* **Extracted data**
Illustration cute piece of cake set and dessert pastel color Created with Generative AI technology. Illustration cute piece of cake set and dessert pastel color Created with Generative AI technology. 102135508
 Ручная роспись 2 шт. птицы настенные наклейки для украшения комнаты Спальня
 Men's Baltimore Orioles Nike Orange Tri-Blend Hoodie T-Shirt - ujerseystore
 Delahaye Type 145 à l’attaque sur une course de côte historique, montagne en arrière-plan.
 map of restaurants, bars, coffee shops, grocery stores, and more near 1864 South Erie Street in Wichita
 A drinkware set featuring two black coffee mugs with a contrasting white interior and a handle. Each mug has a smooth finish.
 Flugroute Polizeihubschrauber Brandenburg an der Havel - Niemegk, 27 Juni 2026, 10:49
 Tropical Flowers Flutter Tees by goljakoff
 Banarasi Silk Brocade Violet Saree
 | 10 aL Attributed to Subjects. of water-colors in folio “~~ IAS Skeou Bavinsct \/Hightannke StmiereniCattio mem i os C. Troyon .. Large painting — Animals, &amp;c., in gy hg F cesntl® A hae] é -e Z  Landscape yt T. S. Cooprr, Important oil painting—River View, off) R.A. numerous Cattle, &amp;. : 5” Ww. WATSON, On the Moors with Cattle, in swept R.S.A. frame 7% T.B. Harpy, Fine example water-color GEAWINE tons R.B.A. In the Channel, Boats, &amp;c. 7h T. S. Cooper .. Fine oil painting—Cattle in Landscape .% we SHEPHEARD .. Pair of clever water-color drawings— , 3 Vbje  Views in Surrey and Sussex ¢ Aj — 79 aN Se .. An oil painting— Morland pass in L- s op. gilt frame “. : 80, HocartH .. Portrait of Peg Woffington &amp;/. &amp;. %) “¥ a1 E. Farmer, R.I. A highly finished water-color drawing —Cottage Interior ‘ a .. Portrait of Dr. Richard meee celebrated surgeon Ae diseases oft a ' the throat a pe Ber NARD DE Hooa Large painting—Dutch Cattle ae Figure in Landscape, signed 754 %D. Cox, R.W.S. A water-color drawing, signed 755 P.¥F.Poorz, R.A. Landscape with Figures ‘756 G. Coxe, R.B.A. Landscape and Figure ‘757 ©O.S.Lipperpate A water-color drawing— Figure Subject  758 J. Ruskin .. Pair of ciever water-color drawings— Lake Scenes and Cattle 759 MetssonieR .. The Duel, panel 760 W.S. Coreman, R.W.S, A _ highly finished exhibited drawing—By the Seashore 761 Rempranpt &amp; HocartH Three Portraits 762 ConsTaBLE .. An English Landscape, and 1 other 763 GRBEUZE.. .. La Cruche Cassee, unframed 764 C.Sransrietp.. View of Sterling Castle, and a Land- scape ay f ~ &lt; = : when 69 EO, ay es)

* **How to complete this task**
Where does the string "coffee" occur in the listing above? Return every line that contains it.

* **Answer section**
 map of restaurants, bars, coffee shops, grocery stores, and more near 1864 South Erie Street in Wichita
 A drinkware set featuring two black coffee mugs with a contrasting white interior and a handle. Each mug has a smooth finish.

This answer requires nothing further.